Con ganas de echarse a llorar, ¡Finn se preguntó en qué lío se había metido!
¡Nunca pensó que algo así pasaría hoy!
Nunca pensó que Kay le preguntaría eso.
Quizás solo lo estaba invitando inocentemente a subir para acurrucarse, pero él desechó esos pensamientos confusos y dijo con seriedad: —No me he topado contigo por casualidad hoy.
Vine a verte porque sabía que estabas sola después de la rueda de prensa, por eso traje todas estas cosas.
Puede que ahora estés conmovida, pero no hagas nada de lo que te arrepientas.
Las mujeres son criaturas emocionales, tómate tu tiempo para pensarlo.
Dicho esto, Finn extendió la mano y revolvió el suave pelo de Kay, sonriendo.
—Anda, sube ya.
Buenas noches.
Kay se quedó mirando a Finn con la mente en blanco.
Sin embargo, pronto volvió en sí, asintió con un suave murmullo y, luego, abrazando el termo, salió del coche.
Saludó a Finn con la mano, se dio la vuelta y caminó hacia el hotel.
Finn no se marchó hasta que Olivia le dijo que Kay había vuelto a su habitación y estaba mirando por la ventana.
Solo entonces Finn arrancó el coche.
Viendo el coche de Finn desaparecer en la noche, Kay se giró para mirar el termo que había cogido.
Murmuró para sí misma: «Quizás las mujeres seamos criaturas emocionales.
Podríamos actuar impulsivamente cuando nos conmueven.
Pero, Sr.
Doraemon Albert, es porque nadie ha sabido nunca cuáles son todas mis comidas favoritas ni ha recordado estos pequeños detalles con tanta precisión».
—Zero, ¿he completado la misión?
—preguntó Finn con impaciencia en cuanto se alejó.
—Se te notificará cuando completes tu misión —respondió Zero con frialdad.
—Maldita sea, incluso me invitó a subir —soltó Finn.
—¿Un lío?
—la respuesta de dos palabras de Zero dejó a Finn de piedra.
¡Un lío…
un…
olvídalo!
Finn casi escupió sangre.
Maldita sea, sus habilidades seguían bloqueadas por Zero.
¡Un lío mis narices!
Sin embargo, la sorpresa de hoy alertó a Finn de que debía batir el hierro mientras estaba caliente.
Puesto que las cosas habían llegado a este punto, no podía dejar que se enfriaran.
Finn preguntó rápidamente: —¿Olivia, cuál es el próximo compromiso en la agenda de Kay?
—.
Como ella me llama Doraemon Albert, vamos a seguir interpretando el papel.
—El 2 de agosto, pasado mañana, asiste al lanzamiento de un producto y a una conferencia de reservas para un nuevo producto de Dura —Olivia le proporcionó rápidamente la agenda de Kay.
—¿Dura?
¿No es de Ford?
¿Por qué va al lanzamiento de su producto?

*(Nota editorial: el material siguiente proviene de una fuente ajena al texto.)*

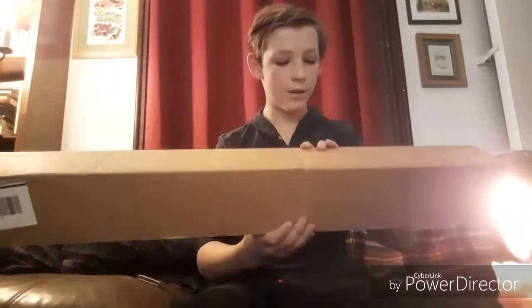Hi guys, today we're going to be doing something a little different. We're going to be doing another unboxing video, this time of an Ultra Sabers lightsaber.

—preguntó Finn con curiosidad.
—Dura y Flying Horse AMG se han convertido en socios estratégicos.
Los motores que llevan son de Flying Horse AMG.
Por lo tanto, Caballo Volador también asiste al lanzamiento del nuevo producto de Dura, y ambas partes han invitado a sus respectivos portavoces —le explicó Olivia a Finn.
—Ah —asintió Finn en señal de comprensión.